The Paschal Triduum begins with the evening Mass of Holy Thursday and lasts through the evening of Easter Sunday.
Dating to the earliest days of the Church, the three-day liturgy is the summit of the Liturgical year for Catholics. Through the centuries, Catholics have developed many customs and rituals special to these days that really form one prolonged memorial and sacrifice in the life of the faithful.
Here are five amazing facts about the Triduum to get you ready for Easter.
Catholics in America tend to break up the Triduum into three “liturgies” – Holy Thursday, Good Friday, and Easter Sunday.
But did you know that the Triduum is really only one long liturgy?
If you attend the Mass of the Lord’s Supper on Holy Thursday, you’ll notice that it starts normally “In the name of the Father, and of the Son, and of the Holy Spirit.” But there is no final blessing at the “end.”
That’s because the liturgy has not ended. The Eucharist is brought to the altar of repose and the church is left in silence until the Good Friday service, which has no opening Sign of the Cross and no final blessing.
Only at the close of the Vigil does the priest finally conclude the three-day-long “Mass” saying, “The Mass is ended, go in peace, alleluia, alleluia.”
How cool is that?
Suggestion: This year, attend all three elements of the Triduum at your parish.
At the Mass of the Lord’s Supper, which opens the Holy Triduum, the Church recognizes the moment when Christ gave us not one, but two sacraments: the Holy Eucharist and the priesthood.
On the night before he died, Jesus Christ’s first concern was to remain with us even after he had returned to the Father. So he gave us both the holy priesthood to bless and consecrate the Eucharist, and the Eucharist itself – his body and blood, soul and divinity.

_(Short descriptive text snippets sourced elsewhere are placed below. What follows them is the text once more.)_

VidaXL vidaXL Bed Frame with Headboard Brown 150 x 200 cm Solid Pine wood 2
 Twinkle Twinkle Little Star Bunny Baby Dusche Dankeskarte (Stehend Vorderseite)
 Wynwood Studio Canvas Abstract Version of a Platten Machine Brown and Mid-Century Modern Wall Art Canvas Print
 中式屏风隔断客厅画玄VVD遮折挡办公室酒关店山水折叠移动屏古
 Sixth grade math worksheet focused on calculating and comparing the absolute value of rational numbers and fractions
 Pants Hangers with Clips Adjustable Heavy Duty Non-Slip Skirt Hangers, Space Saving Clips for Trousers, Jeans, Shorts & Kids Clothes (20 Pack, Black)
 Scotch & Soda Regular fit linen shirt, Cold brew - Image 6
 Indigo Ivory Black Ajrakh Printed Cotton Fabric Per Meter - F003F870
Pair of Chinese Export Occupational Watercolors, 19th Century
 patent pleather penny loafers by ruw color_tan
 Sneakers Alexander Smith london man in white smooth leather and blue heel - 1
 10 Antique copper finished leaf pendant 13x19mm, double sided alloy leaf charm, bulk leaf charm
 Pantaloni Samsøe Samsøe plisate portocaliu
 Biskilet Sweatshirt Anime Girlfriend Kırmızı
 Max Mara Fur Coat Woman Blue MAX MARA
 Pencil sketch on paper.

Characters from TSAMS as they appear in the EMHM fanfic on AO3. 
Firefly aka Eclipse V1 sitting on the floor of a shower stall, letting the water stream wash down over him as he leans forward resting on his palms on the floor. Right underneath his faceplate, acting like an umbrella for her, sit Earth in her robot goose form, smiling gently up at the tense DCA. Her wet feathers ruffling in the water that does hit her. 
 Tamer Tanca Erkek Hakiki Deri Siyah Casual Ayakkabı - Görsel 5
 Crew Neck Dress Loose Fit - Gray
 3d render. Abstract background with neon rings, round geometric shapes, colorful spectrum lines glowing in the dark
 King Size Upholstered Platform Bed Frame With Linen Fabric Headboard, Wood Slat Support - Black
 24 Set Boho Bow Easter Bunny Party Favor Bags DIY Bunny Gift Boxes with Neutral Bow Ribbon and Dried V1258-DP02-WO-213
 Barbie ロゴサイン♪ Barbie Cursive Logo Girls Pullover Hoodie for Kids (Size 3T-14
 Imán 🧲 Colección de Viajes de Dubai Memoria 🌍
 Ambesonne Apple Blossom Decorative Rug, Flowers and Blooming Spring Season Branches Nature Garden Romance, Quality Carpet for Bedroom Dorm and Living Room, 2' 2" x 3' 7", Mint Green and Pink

Then he took a loaf of bread, and when he had given thanks, he broke it and gave it to them, saying, “This is my body, which is given for you. Do this in remembrance of me.” And he did the same with the cup after supper, saying, “This cup that is poured out for you is the new covenant in my blood.”(Luke 22:19 – 20)
Suggestion: Bring your pastor and priests gifts of bread and wine tonight to celebrate with them the gift of Holy Orders!
That’s right. For a Church that spends the entire year celebrating Sacraments, Good Friday is a major shift. Only two Sacraments are permitted as we mourn the death of the Lord: the Sacrament of Reconciliation and the Anointing of the Sick (for those in danger of death).
There’s no Mass. No marriage vows. No baptisms (unless there is danger of death).
The whole Church enters into the spirit of the prophet Amos:
I will turn your feasts into mourning, and all your songs into lamentation; I will bring sackcloth on all loins, and baldness on every head; I will make it like the mourning for an only son, and the end of it like a bitter day.Amos 8:10
Suggestion: If you haven’t yet made your Lenten Confession, get to a Catholic Church ASAP!
Traditionally, Catholic churches silence all bells for the entirety of Good Friday and Holy Saturday before the Vigil.
Parishes often also empty all holy water fonts in preparation for the blessing of the holy water at the Easter Vigil.
Germany takes it a step further and prohibits horse-racing.
Suggestion: In addition to the required fast on Good Friday, fast from all music and social media to enter more deeply into the silence of the day.
We profess it every Sunday in the Nicene Creed: “He descended into Hell.” But on Holy Saturday the Church takes time to reflect on what that really means.
In the Christian tradition, the period between Christ’s death on the cross and the resurrection is often called “the harrowing of Hell.” While his mother, apostles, and followers mourned his death, Christ was making his triumphant descent into the halls of the dead to set them free. “Hell,” to the ancient mind, was simply “Hades,” or the “underworld,” the dreaded place where all people went after death.
The Office of Readings for Holy Saturday is well worth the attention of every Catholic on this day of silence and gratitude:
I slept on the Cross and a sword pierced my side for you who slept in Paradise and brought forth Eve from your side. My side has healed the pain in yours. My sleep will rouse you from your sleep in Hell. The sword that pierced Me has sheathed the sword that was turned against you.from an ancient homily
Suggestion: Maintain the silence of Good Friday until sundown, and take time to read the entirety of the “ancient homily.” Then plan to attend your parish’s Easter Vigil.